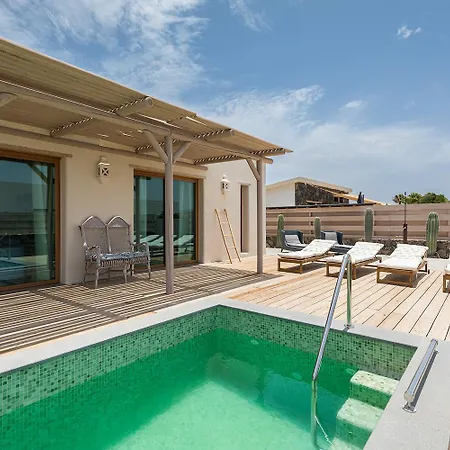 וילה In Take A Swim In Our 15m Long Pool *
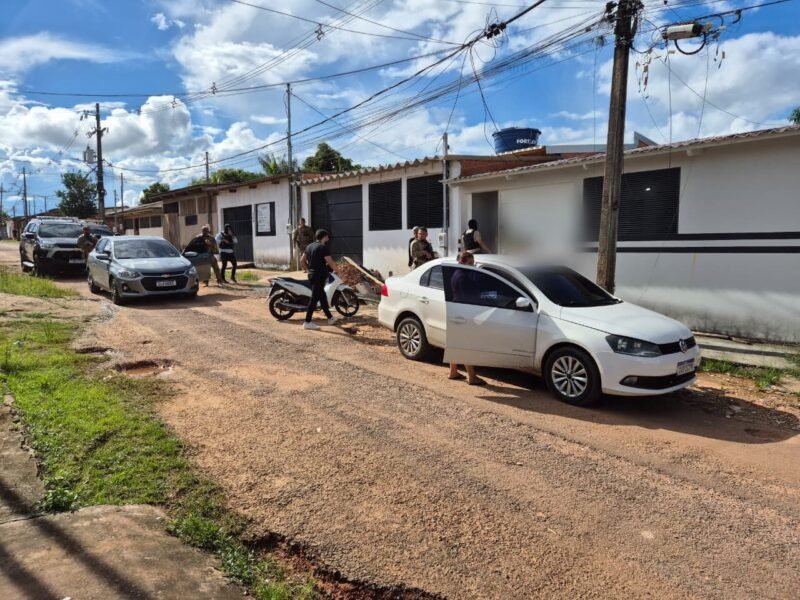 Diligências da equipe de investigação da 61ª DIP (Foto: Divulgação/PC-AM)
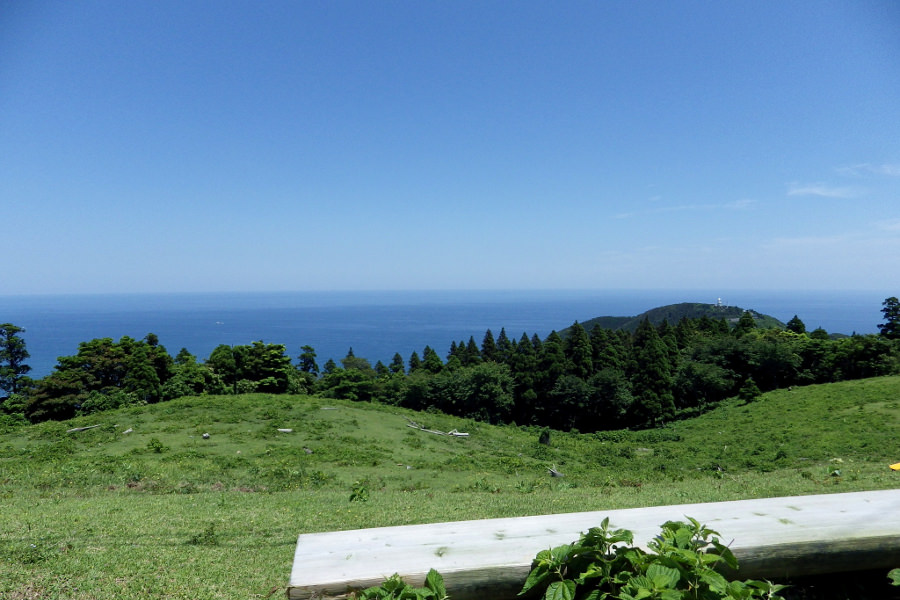 扇山山頂から望む日向灘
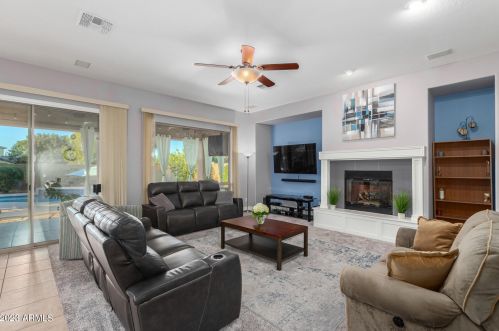 1376 Ibis St, Gilbert, AZ 85297-0816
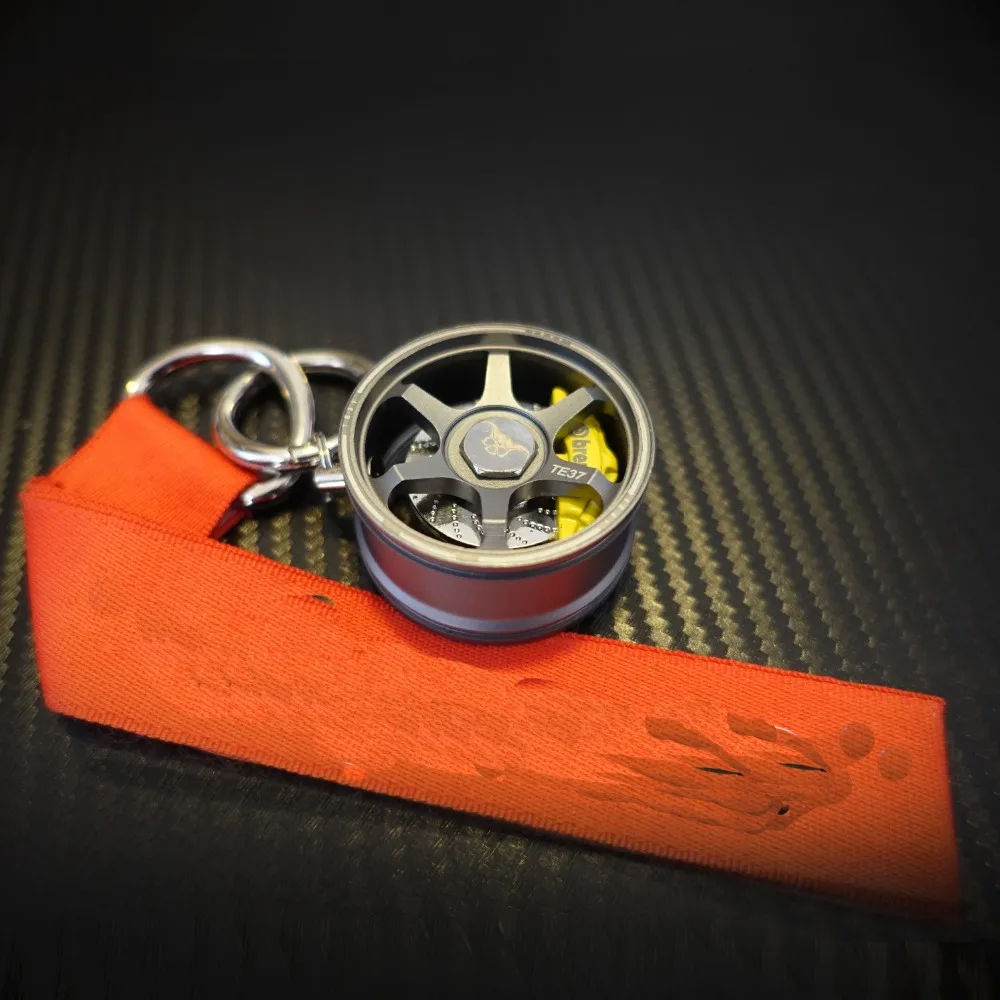  TOYIKIE New Upscale Luxury Metal Car Wheel Keychain with Disc Brake Keyring Sleutelhanger Llaveros 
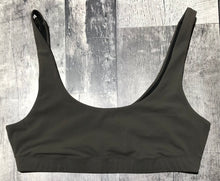 Load image into Gallery viewer, Vuori dark green sports bra - Hers size M
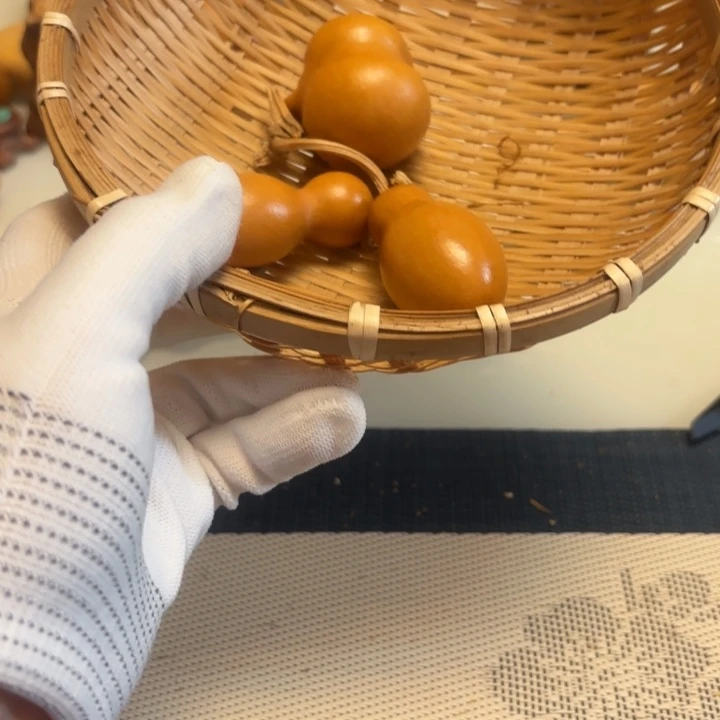 轻***奢天然手捻老皮葫芦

▶ _What is expected_: A verbatim copy of the records above, without pictures, is required.

▶ _Written answer_:
 וילה In Take A Swim In Our 15m Long Pool *
 Diligências da equipe de investigação da 61ª DIP (Foto: Divulgação/PC-AM)
 扇山山頂から望む日向灘
 1376 Ibis St, Gilbert, AZ 85297-0816
  TOYIKIE New Upscale Luxury Metal Car Wheel Keychain with Disc Brake Keyring Sleutelhanger Llaveros 
 Load image into Gallery viewer, Vuori dark green sports bra - Hers size M
 轻***奢天然手捻老皮葫芦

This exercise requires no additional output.